In questi giorni abbiamo parlato più volte del maestro di Palermo che ha l’abitudine di portare casa i quaderni dei propri alunni e di scrivervi lunghi giudizi motivazionali. In molti hanno salutato l’iniziativa del docente, raggiunto dai principali media, lodandolo per la creatività.
Il nostro vicedirettore Reginaldo Palermo ha spiegato che si tratta di una pratica didattica certamente molto avanzata rispetto a chi pensa che la valutazione debba servire solo a “selezionare” o al massimo a “registrare” gli esiti degli apprendimenti con un laconico: “bene”, “non ci siamo”, “sei troppo disordinato” o “c’è ancora qualche errore”. Cogliendo però anche qualche limite, come “l’approccio un po’ troppo ‘personalizzato’” e “un po’ ‘pericoloso’, perché potrebbe generare dipendenza e spostare l’attenzione dal compito alla relazione.
A dire la sua è stata una psicologa, Francesca Cardini, in un video su Facebook: “Che lui, così come Vincenzo Schettini de ‘La Fisica Che Ci Piace’ siano casi così eccezionali da parlare di rivoluzione a scuola, da finire sui giornali per me è preoccupante. Mi preoccupa che venga considerata l’eccezione e non la regola, soprattutto come genitore”, ha esordito, criticamente.
“Il modello educativo vigente a scuola è di stampo autoritario, basato sulle valutazioni e sulle punizioni, sull’accondiscendenza nei confronti dell’autorità, una scuola che cerca di standardizzare tutti, attraverso un sistema di voti, che vede le diversità come problemi da risolvere che non si possono incasellare: questo tipo di educazione non funziona oggi. Io non dico che questi due docenti rivoluzionari siano gli unici in Italia, lo so. Ci sono tanti docenti che per fortuna cercano un’alternativa a una metodologia che non funziona più. Sarebbe bello se non fossero delle eccezioni e diventassero la regola”, ha concluso.

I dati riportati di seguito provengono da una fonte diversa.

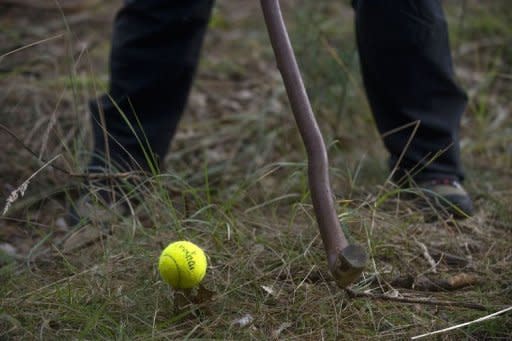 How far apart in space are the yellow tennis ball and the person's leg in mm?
767

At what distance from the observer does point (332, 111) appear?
8.53 ft

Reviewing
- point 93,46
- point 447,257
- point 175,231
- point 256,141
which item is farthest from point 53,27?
point 447,257

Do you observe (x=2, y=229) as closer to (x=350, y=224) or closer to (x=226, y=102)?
(x=350, y=224)

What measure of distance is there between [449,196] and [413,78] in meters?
0.35

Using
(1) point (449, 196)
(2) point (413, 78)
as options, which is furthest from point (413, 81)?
(1) point (449, 196)

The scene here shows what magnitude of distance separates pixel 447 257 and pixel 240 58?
1940mm

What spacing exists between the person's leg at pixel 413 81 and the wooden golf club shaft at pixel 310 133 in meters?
0.52

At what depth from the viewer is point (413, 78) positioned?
188 centimetres

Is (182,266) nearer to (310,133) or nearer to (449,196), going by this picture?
(310,133)

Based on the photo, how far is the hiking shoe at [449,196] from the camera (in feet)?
6.00

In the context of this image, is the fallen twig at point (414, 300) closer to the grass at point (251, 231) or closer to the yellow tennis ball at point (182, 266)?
the grass at point (251, 231)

Il docente e scrittore Enrico Galiano, sempre su Facebook, ha fatto notare alcune note stonate, a suo avviso, del metodo del docente di Palermo: “Ha sbagliato a mettere i nomi dei bambini. E poi mai collegare la persona al lavoro svolto: un conto è la prestazione, un conto la persona che sei. Valutare è difficilissimo e sbagliare valutando è facilissimo.